Did you know Kal Penn works at the white house? That's almost white castle.
Yay Minnesota! I can't believe there's now a US Senator who has taken more acid than we have
wtf. i just found you're porn stash.
u like it?
NOT THE POINT.
I wish there was a facebook app that filtered my notifications to show only the ones having to do with people who'll fuck me.
We folded our dollar bills into airplanes. This really makes the strippers work for it. Like air miles.
Exactly how many bongs can i have before my parents figure out they really aren't vases
All he did was lie there and used his hands to keep pace. He was like the metronome of sex.
thats it. im teaching my cat how to use a fire alarm
He walked door to door asking if anyone needed to get laid.
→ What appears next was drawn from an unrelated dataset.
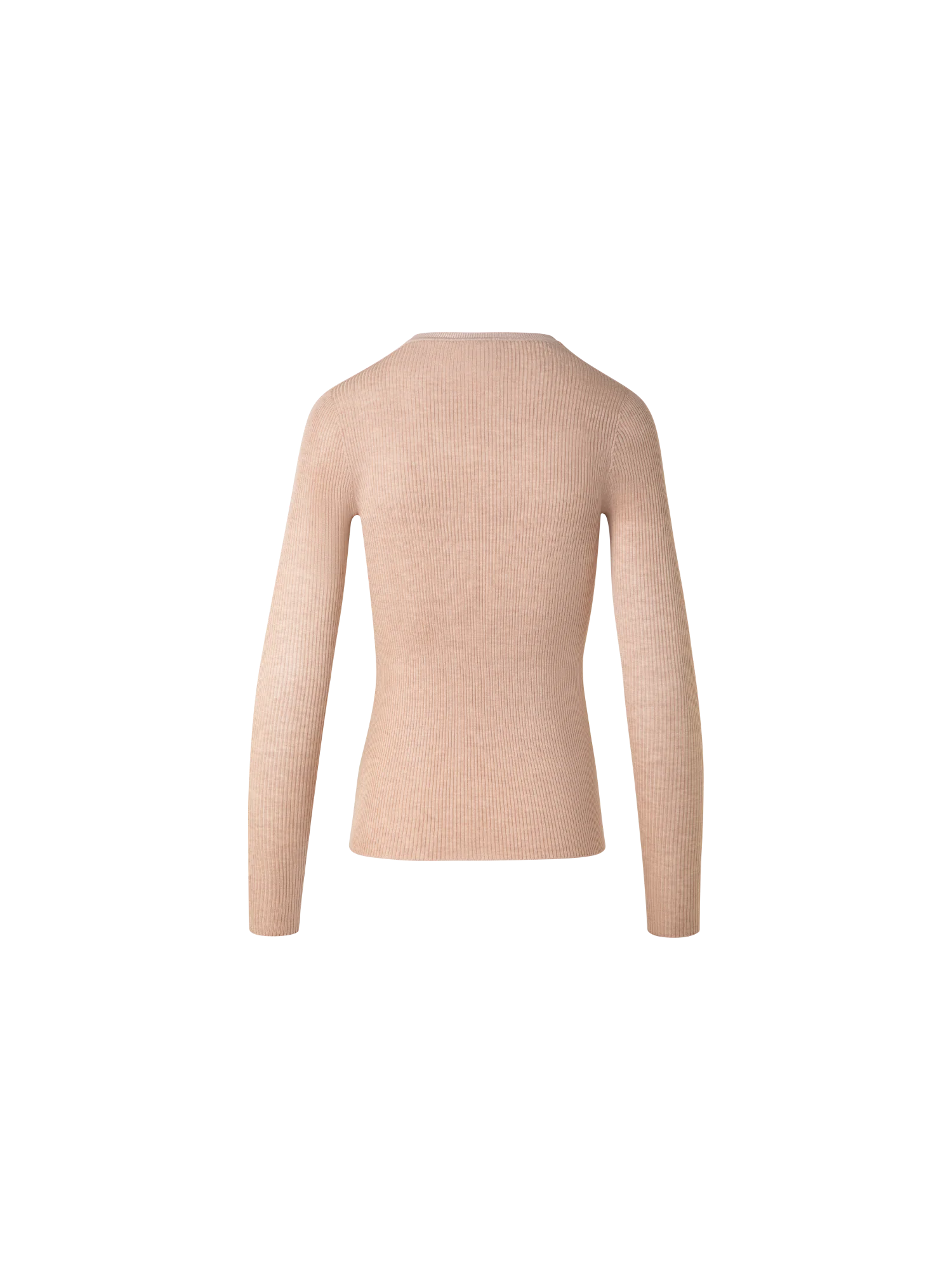 Seamless Rib Silk Cotton Knit Crew Neck Sweater - Image 4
Surprisingly, that ended his drought
I played "in the air tonight" on a drum set made of titties, and I'm not even exaggerating
In case you're wondering where my head is at right now, it's wishing that I was getting laid and not having a debate about cheese.
I don't care if we're married you can't just walk into the bedroom with a pizza box expecting to get laid
I went from swearing off of sex to planning a threesome. It's been a rollercoaster of a day.
i just watched a 27 minute video about owls...that high.
How’s the date going?? Do you think he’s gonna cut your face off and wear it to his birthday party?